→ **What you are asked to do**
Each line in the material below, starting at the one that contains "You can use" and ending at the one that contains "The mnemonic is: mad", should be repeated exactly; the pictures should not.

→ **Extracted entries**
______

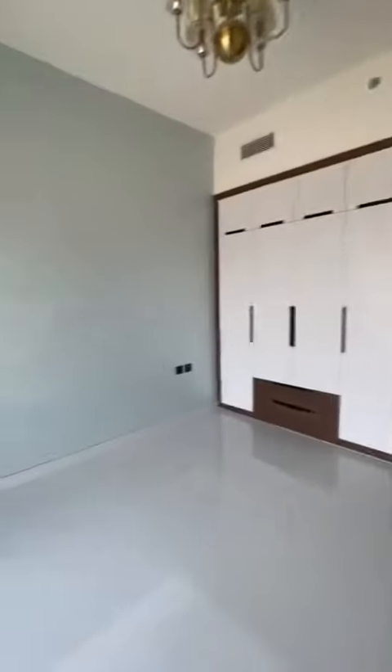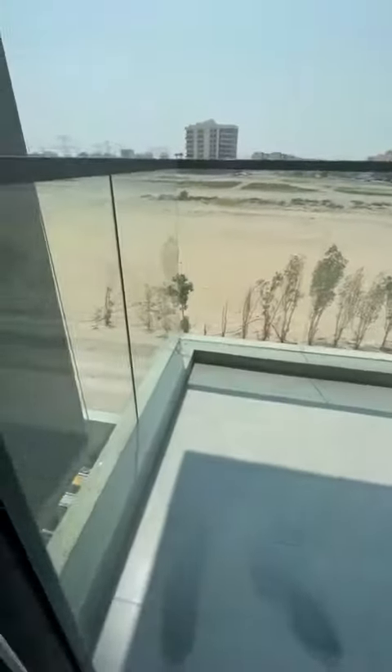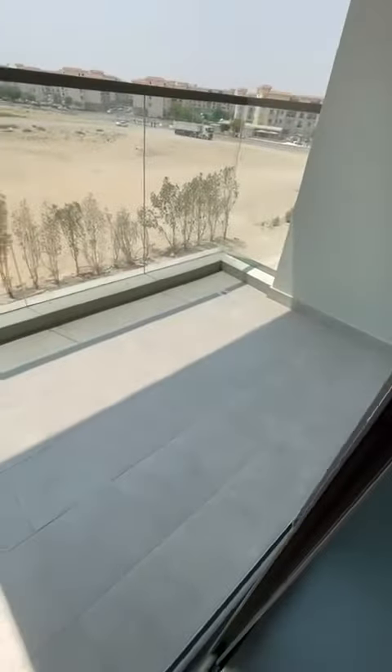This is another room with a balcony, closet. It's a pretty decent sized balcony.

______

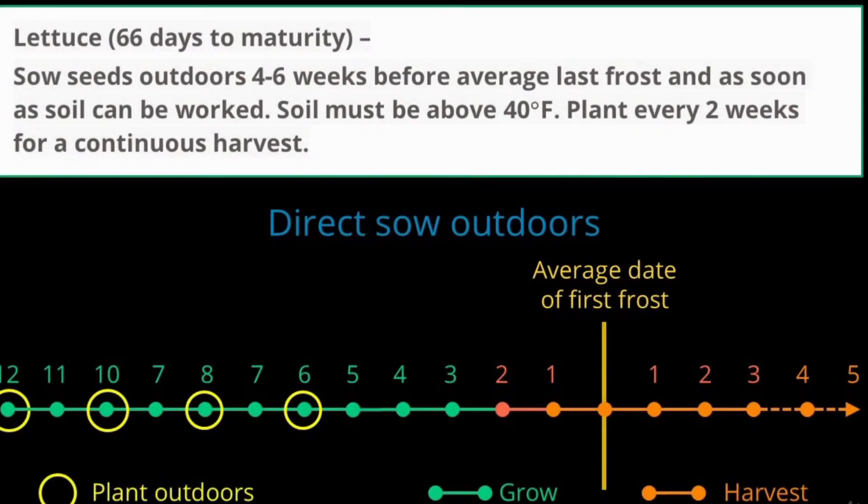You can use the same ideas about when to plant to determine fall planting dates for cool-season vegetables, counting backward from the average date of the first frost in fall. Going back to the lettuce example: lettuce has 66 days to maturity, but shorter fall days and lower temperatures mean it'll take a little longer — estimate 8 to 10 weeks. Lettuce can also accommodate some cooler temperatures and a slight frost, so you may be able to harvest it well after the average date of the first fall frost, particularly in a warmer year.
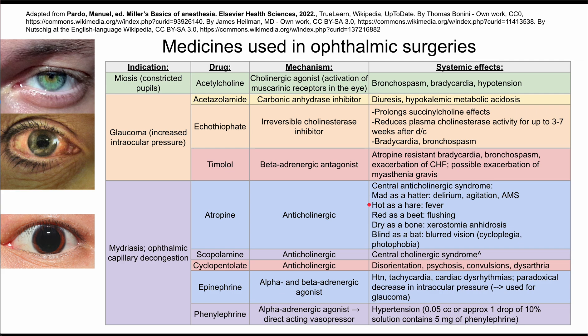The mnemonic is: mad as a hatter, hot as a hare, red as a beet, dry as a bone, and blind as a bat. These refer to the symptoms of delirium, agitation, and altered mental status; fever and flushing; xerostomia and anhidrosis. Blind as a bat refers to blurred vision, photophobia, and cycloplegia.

______

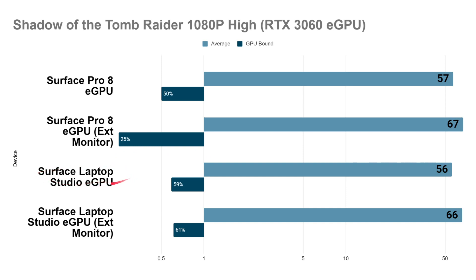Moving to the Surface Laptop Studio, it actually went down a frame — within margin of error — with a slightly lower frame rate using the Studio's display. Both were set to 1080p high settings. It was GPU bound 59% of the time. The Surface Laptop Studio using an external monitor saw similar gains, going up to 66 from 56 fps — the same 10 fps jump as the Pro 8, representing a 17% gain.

______

→ **Solution below**
You can use the same ideas about when to plant to determine fall planting dates for cool-season vegetables, counting backward from the average date of the first frost in fall. Going back to the lettuce example: lettuce has 66 days to maturity, but shorter fall days and lower temperatures mean it'll take a little longer — estimate 8 to 10 weeks. Lettuce can also accommodate some cooler temperatures and a slight frost, so you may be able to harvest it well after the average date of the first fall frost, particularly in a warmer year.
The mnemonic is: mad as a hatter, hot as a hare, red as a beet, dry as a bone, and blind as a bat. These refer to the symptoms of delirium, agitation, and altered mental status; fever and flushing; xerostomia and anhidrosis. Blind as a bat refers to blurred vision, photophobia, and cycloplegia.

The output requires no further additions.